Better to focus on the unwanted behavior (i.e., spamming) than on a fuzzy profile of who we think spammers are and what we think they’re capable of. Text analysis, good interaction design, and collaborative filtering are much stronger solutions than having users play a quick game of kitten whack-a-mole before they can post.

Wow April 10, 2006 5:31 PM

Like “Failed”, I too failed the task a couple of times due to very poorly rendered kittahs. Neat concept though, and I suppose we do know that he/she is a Slashdot reader.


Nick April 10, 2006 6:06 PM

The problem with using flickr is, as they said, you’d have to link back to flickr with each image. What’s to stop a robot simply fetching the flickr pages and extracting the tags?

Unixronin April 10, 2006 7:16 PM

I went to try the test …. and it didn’t even work. A three-by-three grid of “image will load here in a moment” patches loaded, then instantly collapsed to empty rectangular frames about 3 pixels high.

I think either somebody broke something, or somebody got too clever with their Javascript.

Archangel April 10, 2006 10:15 PM

@Durable Ally

Sounds can be waveform mapped easily. The difficulty with AI-proofing an auditory test while keeping it human-performable becomes the relative categories of sounds. Make them too much likeness-based, and the AI wins; make them too abstract in category, and some humans lose. Make the category delta too large, and waveform mapping works again; make the category delta too small, and you confuse legitimate users.

For that matter, computer programs exist for facial profile matching; it isn’t too much of a stretch to think that the face of a kitten or the shape of a kitten could be broken down to essential components and relative positions, and pattern-matched. The challenge just has to be combined with enough motivation towards cracking the system. Increase the user base, and poof, you’ll hit that threshold eventually, because this is a big business.

If you have a database of photos, and the computer placing the db references in pattern knows what pictures are what, you can shift X in “Pick three X” and make it some variable pattern, but then you have to isolate the cgi or whatever code sets up the match game from the actual output to keep it from being bot-readable.

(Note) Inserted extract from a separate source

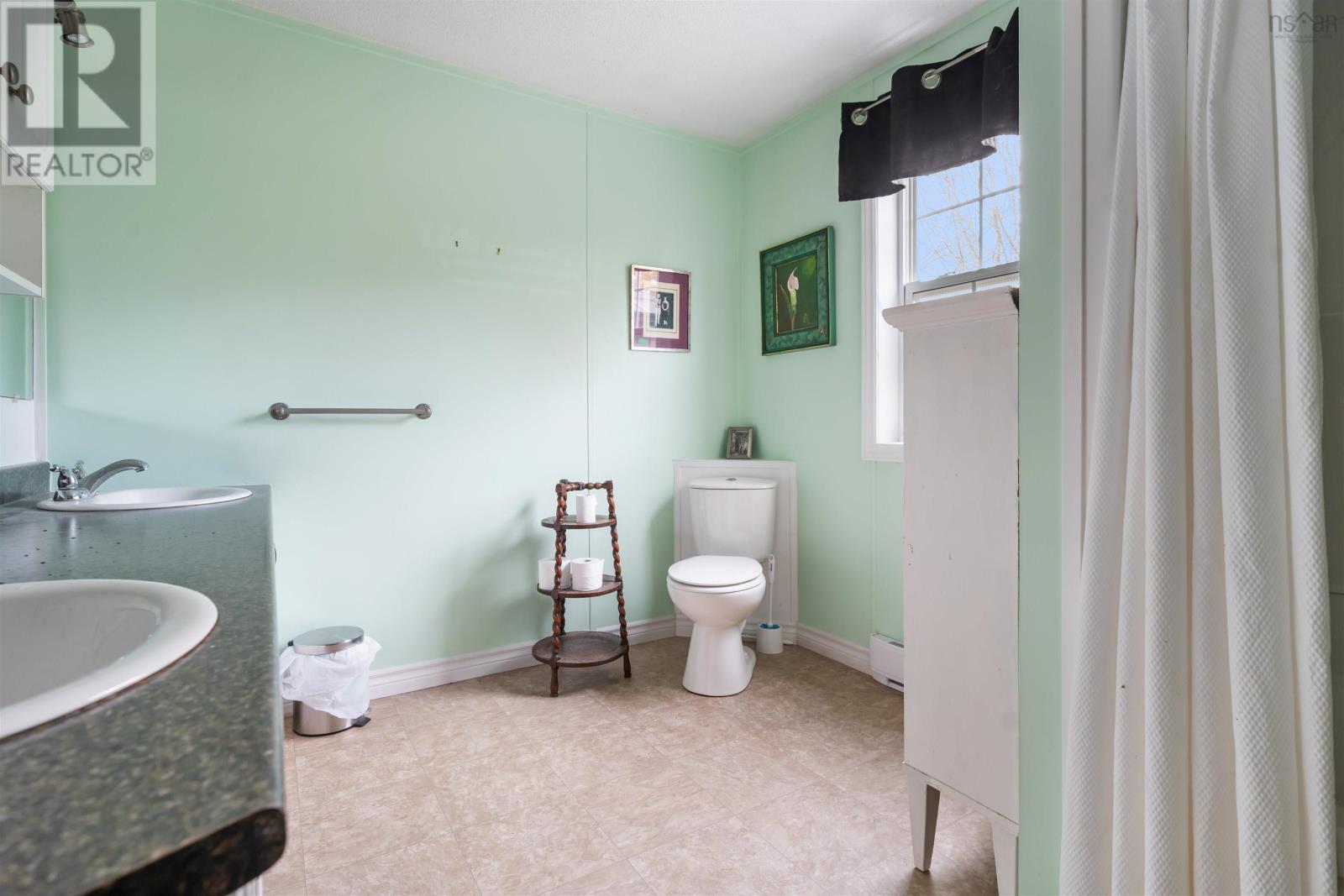 24 Eddy Street, Parrsboro, Nova Scotia  B0M 0B3 - Photo 16 - 202616407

Longwalker April 10, 2006 11:17 PM

Very few human problems can be solved exclusively through technology. Spam really is no exception. Captchas help right now, but only because the blackhats haven’t devoted many resources to defeating captchas yet.

Dealing with spam requires a human solution. A very small handful of ‘people’ (and I use that term lightly) are responsible for 90%+ of all spam on the Internet. Detain or kill them and 90% of the spam problem goes away.

Foxyshadis April 10, 2006 11:25 PM

It probably wouldn’t be too hard to have a web interface, where you define a set of categories and then upload pics that fall into those categories; the software resizes them and if they look good enough keep them. Then like someone suggested, have the user pick a varying number of pics from a varying category. You decrease the odds of random success tremendously doing that.

But again, all this does is bandage the captcha, which is still fatally crippled by using humans as pattern recognizers.

Maybe for the next iterations we can have people work one of those 5×5 sliding puzzles, and have them type in what they think it shows when done. =p

Peter Dowley April 10, 2006 11:51 PM

Another image-based auth mechanism I’ve come across is Passfaces (at This is really aimed to be a password replacement approach though, unlike KittenAuth which is trying to limit automated attacks.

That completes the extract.